***** RECORDS *****
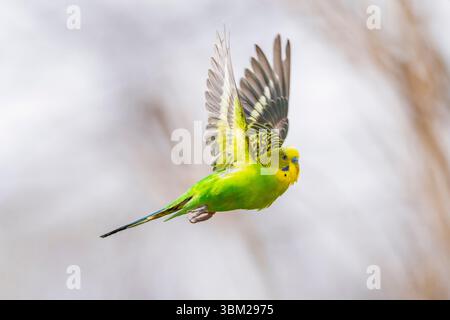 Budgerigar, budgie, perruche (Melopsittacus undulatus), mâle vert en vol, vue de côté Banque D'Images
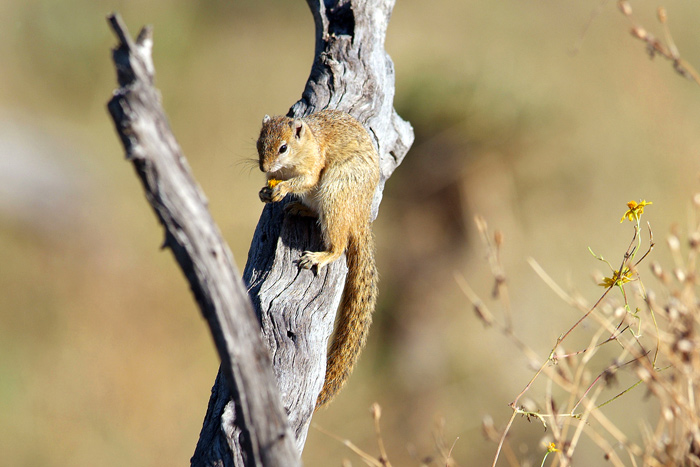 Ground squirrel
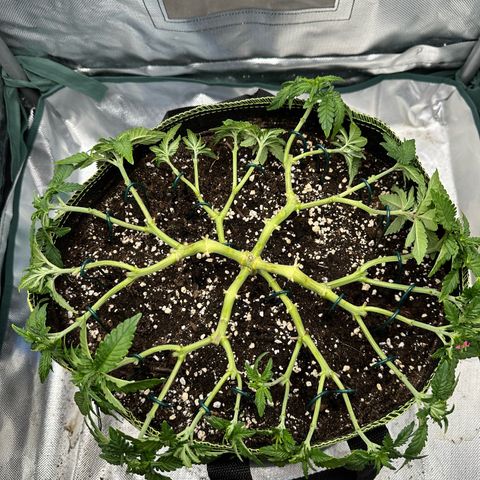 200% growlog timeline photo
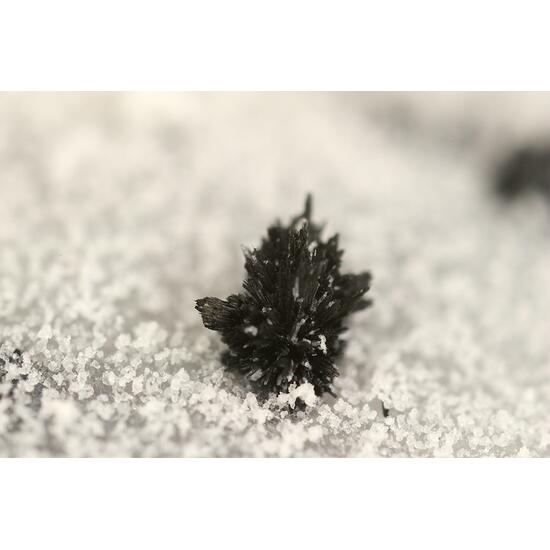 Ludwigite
*****
***** RECORDS *****
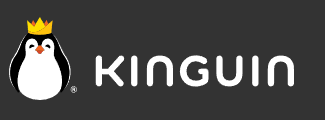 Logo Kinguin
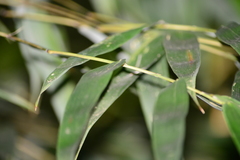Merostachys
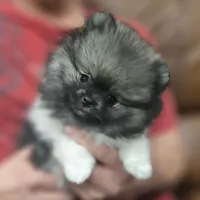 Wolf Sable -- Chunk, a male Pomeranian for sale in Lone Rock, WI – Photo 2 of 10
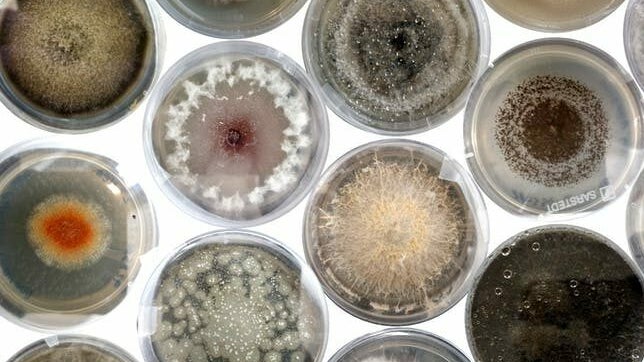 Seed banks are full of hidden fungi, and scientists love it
*****
***** RECORDS *****
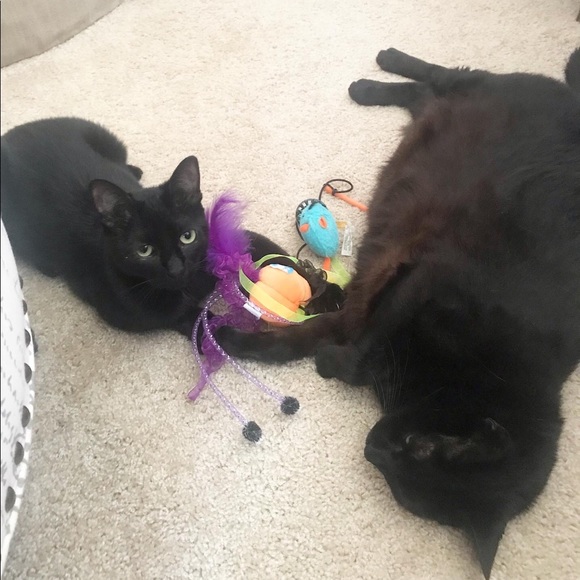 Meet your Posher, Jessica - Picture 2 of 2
*****
• _TASK PROMPT_:
Above are records with pictures. Reproduce exactly only the lines from the line with "Wolf Sable -- Chunk, a" through the line with "Seed banks are", both ends included, and leave the pictures out.

• _SOLUTION BELOW_:
 Wolf Sable -- Chunk, a male Pomeranian for sale in Lone Rock, WI – Photo 2 of 10
 Seed banks are full of hidden fungi, and scientists love it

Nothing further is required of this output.